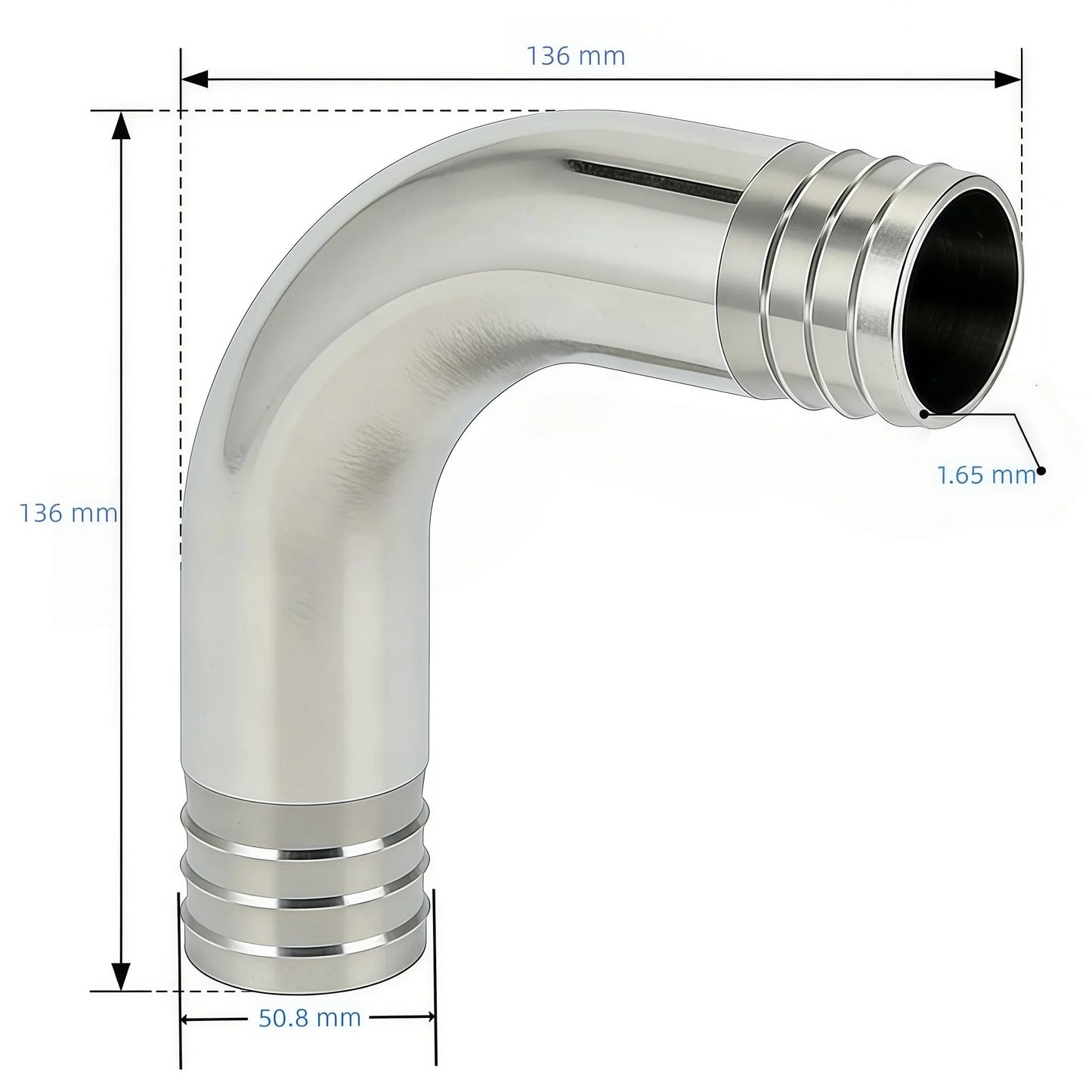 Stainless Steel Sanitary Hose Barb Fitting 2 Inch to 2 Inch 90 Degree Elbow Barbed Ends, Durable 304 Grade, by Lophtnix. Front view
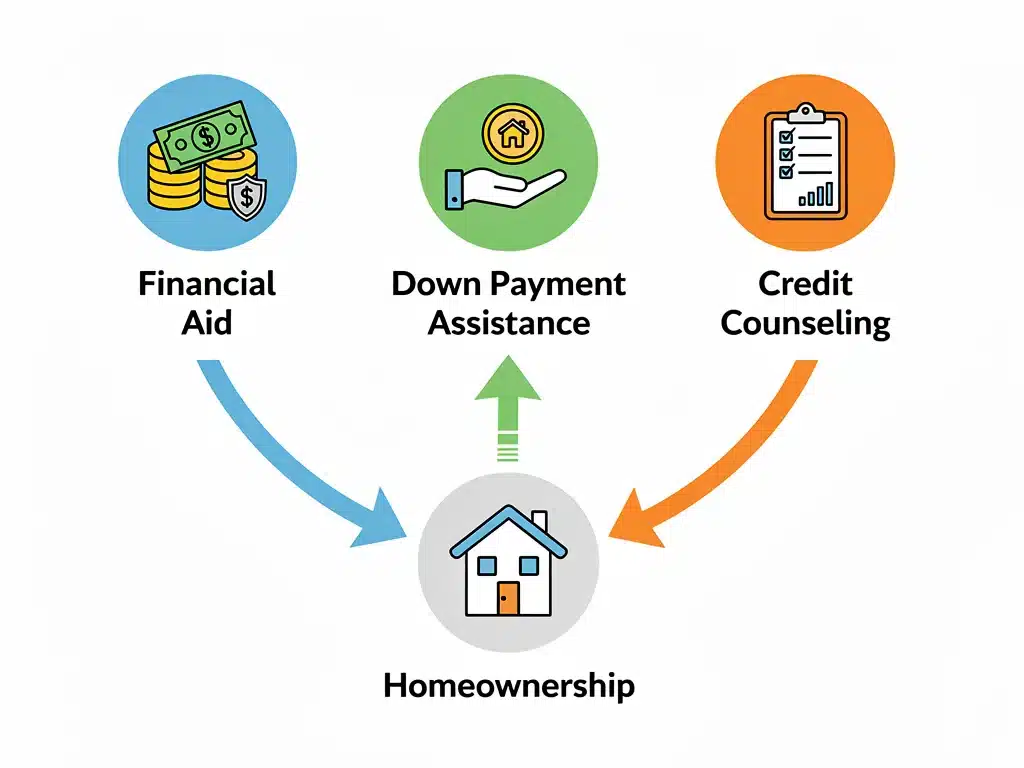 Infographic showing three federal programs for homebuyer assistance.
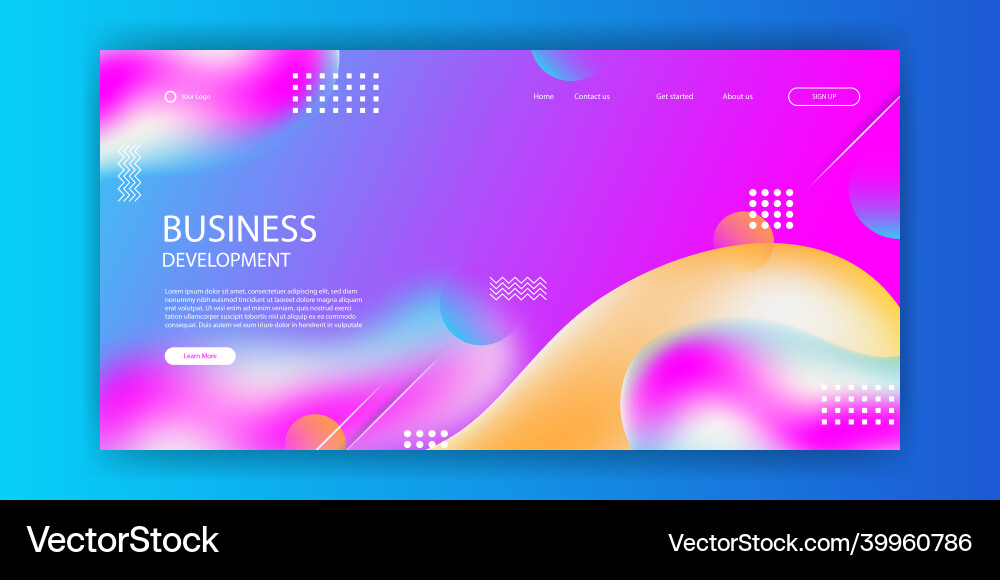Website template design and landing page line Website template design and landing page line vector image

·····

## The problem
Output the material word for word, and keep the pictures out.

## Response to the exercise
 Stainless Steel Sanitary Hose Barb Fitting 2 Inch to 2 Inch 90 Degree Elbow Barbed Ends, Durable 304 Grade, by Lophtnix. Front view
 Infographic showing three federal programs for homebuyer assistance.
Website template design and landing page line Website template design and landing page line vector image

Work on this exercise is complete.